Re: 5.10 regression, many XHCI swiotlb buffer is full / DMAR: Device bounce map failed errors on thunderbolt connected XHCI controller

From: Hans de Goede
Date: Fri Nov 27 2020 - 06:41:58 EST


Hi,

On 11/24/20 11:27 AM, Christoph Hellwig wrote:
> On Mon, Nov 23, 2020 at 03:49:09PM +0100, Hans de Goede wrote:
>> Hi,
>>
>> +Cc Christoph Hellwig <hch@xxxxxx>
>>
>> Christoph, this is still an issue, so I've been looking around a bit and think this
>> might have something to do with the dma-mapping-5.10 changes.
>>
>> Do you have any suggestions to debug this, or is it time to do a git bisect
>> on this before 5.10 ships with regression?
>
> Given that DMAR prefix this seems to be about using intel-iommu + bounce
> buffering for external devices. I can't really think of anything specific
> in 5.10 related to that, so maybe you'll need to bisect.
>
> I doub this means we are actually leaking swiotlb buffers, so while
> I'm pretty sure we broke something in lower layers this also means
> xhci doesn't handle swiotlb operation very gracefully in general.

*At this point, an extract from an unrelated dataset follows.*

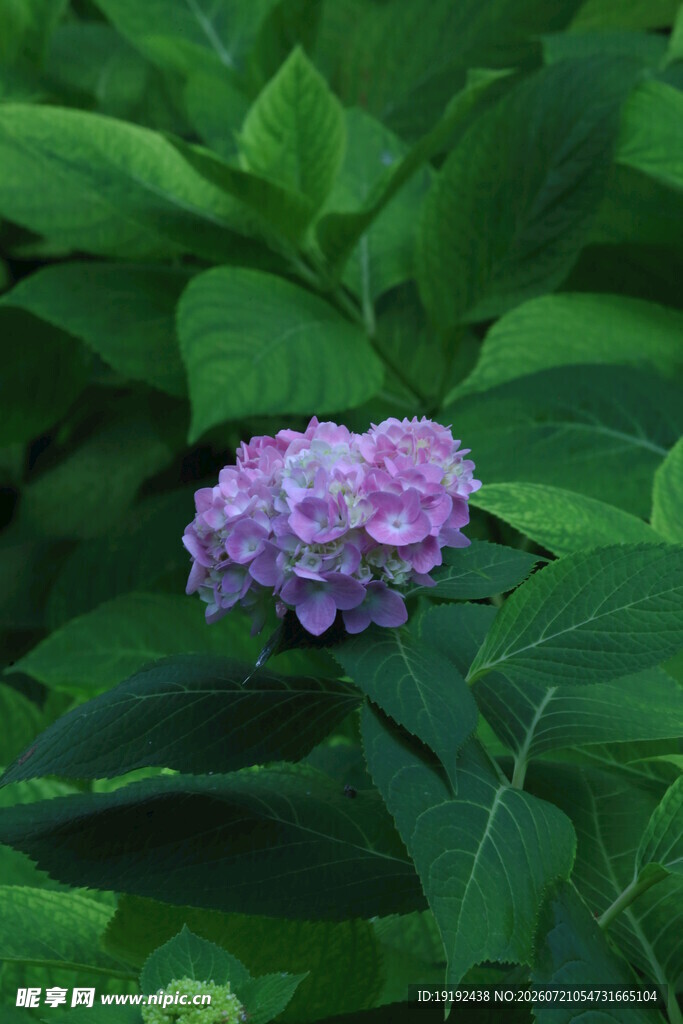 绣球花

I've done a git bisect, and the result is somewhat surprising. The git-bisect
points to:

commit 558033c2828f ("uas: fix sdev->host->dma_dev")

Use scsi_add_host_with_dma() instead of scsi_add_host().

When the scsi request queue is initialized/allocated, hw_max_sectors is clamped
to the dma max mapping size. Therefore, the correct device that should be used
for the clamping needs to be set.

The same clamping is still needed in uas as hw_max_sectors could be changed
there. The original clamping would be invalidated in such cases.

I do have an UAS drive connected to the thunderbolt-dock, so I guess that this
change is causing the UAS driver to gobble all all available swiotlb space.

Regards,

Hans